→ DATA SUPPLIED
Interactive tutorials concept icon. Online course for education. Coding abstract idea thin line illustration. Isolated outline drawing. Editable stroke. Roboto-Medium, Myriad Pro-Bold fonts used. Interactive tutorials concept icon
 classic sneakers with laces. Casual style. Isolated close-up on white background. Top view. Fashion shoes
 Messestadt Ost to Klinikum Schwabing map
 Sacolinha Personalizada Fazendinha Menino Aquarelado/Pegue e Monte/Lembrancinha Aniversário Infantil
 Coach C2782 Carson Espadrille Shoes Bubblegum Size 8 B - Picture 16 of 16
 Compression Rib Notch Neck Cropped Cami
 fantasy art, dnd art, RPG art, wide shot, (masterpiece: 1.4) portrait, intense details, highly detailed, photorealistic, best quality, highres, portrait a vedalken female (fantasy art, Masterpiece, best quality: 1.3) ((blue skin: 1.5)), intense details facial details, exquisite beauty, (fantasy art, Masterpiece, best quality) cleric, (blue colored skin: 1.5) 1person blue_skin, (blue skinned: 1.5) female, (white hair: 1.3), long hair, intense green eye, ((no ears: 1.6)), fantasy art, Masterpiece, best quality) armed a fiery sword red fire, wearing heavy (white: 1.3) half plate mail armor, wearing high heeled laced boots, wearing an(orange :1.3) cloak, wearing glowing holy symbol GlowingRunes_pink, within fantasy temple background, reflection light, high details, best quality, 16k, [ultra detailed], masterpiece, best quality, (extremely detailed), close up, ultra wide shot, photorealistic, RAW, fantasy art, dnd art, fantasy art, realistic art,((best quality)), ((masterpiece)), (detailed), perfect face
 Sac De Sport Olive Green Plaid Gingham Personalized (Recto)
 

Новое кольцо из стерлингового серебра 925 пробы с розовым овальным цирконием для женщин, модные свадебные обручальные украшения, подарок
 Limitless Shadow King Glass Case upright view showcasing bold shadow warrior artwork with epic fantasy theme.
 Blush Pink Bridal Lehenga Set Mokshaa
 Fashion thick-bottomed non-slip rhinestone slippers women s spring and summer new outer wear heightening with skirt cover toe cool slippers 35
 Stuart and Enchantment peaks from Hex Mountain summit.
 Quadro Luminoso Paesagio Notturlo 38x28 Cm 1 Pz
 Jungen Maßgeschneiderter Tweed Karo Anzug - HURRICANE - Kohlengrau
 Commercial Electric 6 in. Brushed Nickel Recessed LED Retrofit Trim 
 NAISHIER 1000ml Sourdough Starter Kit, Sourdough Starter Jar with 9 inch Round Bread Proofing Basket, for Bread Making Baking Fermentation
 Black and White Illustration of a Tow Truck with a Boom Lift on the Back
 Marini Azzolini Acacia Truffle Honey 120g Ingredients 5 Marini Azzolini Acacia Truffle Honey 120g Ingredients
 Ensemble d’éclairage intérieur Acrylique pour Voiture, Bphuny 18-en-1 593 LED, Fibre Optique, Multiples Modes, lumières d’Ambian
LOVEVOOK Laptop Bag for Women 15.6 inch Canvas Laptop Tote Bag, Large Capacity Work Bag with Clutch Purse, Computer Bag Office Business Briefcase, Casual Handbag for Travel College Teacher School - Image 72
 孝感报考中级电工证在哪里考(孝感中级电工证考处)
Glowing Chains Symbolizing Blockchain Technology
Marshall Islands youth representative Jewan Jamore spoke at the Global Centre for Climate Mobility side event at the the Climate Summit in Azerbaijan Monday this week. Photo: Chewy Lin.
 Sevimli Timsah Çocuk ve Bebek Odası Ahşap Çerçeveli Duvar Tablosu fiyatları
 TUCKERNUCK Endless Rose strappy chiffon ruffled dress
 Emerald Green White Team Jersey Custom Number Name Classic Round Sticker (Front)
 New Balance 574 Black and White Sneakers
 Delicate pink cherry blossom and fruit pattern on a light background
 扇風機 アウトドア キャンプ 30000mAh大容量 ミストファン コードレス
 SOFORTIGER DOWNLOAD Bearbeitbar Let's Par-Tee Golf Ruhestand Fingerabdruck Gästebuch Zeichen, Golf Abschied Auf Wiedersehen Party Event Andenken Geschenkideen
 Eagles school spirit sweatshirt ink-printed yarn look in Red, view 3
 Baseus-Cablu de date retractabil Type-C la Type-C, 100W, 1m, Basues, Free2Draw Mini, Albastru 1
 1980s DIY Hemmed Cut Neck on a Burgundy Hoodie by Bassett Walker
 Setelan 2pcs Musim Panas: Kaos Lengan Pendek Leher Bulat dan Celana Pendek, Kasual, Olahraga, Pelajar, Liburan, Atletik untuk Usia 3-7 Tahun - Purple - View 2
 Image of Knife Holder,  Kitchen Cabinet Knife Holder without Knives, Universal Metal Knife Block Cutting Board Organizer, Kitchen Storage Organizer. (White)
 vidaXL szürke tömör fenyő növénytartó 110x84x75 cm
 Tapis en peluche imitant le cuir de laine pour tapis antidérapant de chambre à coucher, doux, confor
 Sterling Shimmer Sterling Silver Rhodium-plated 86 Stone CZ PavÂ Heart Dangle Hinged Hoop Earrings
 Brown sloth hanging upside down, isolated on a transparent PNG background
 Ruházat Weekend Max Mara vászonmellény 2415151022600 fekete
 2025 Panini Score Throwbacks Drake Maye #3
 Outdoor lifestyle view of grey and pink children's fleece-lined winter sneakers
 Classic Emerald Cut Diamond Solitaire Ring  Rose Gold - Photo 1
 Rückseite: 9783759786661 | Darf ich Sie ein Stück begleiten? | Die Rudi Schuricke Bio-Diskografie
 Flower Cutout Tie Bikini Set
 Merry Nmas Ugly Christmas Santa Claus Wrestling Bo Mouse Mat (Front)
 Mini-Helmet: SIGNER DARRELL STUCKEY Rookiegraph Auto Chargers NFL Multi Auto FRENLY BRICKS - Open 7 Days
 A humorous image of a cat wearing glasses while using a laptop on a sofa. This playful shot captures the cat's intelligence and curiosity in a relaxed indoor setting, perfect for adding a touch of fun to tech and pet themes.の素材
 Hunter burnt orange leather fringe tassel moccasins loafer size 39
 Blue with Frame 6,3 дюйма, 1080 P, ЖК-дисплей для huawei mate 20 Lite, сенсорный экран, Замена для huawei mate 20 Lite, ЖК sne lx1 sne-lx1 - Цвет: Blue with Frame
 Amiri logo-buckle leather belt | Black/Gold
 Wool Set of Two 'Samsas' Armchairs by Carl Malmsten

→ YOUR GOAL
Using the data above, print exactly the lines from the line that contains "Rückseite: 9783759786661 |" through the line that contains "Hunter burnt orange", with both included.

→ EXERCISE SOLUTION
 Rückseite: 9783759786661 | Darf ich Sie ein Stück begleiten? | Die Rudi Schuricke Bio-Diskografie
 Flower Cutout Tie Bikini Set
 Merry Nmas Ugly Christmas Santa Claus Wrestling Bo Mouse Mat (Front)
 Mini-Helmet: SIGNER DARRELL STUCKEY Rookiegraph Auto Chargers NFL Multi Auto FRENLY BRICKS - Open 7 Days
 A humorous image of a cat wearing glasses while using a laptop on a sofa. This playful shot captures the cat's intelligence and curiosity in a relaxed indoor setting, perfect for adding a touch of fun to tech and pet themes.の素材
 Hunter burnt orange leather fringe tassel moccasins loafer size 39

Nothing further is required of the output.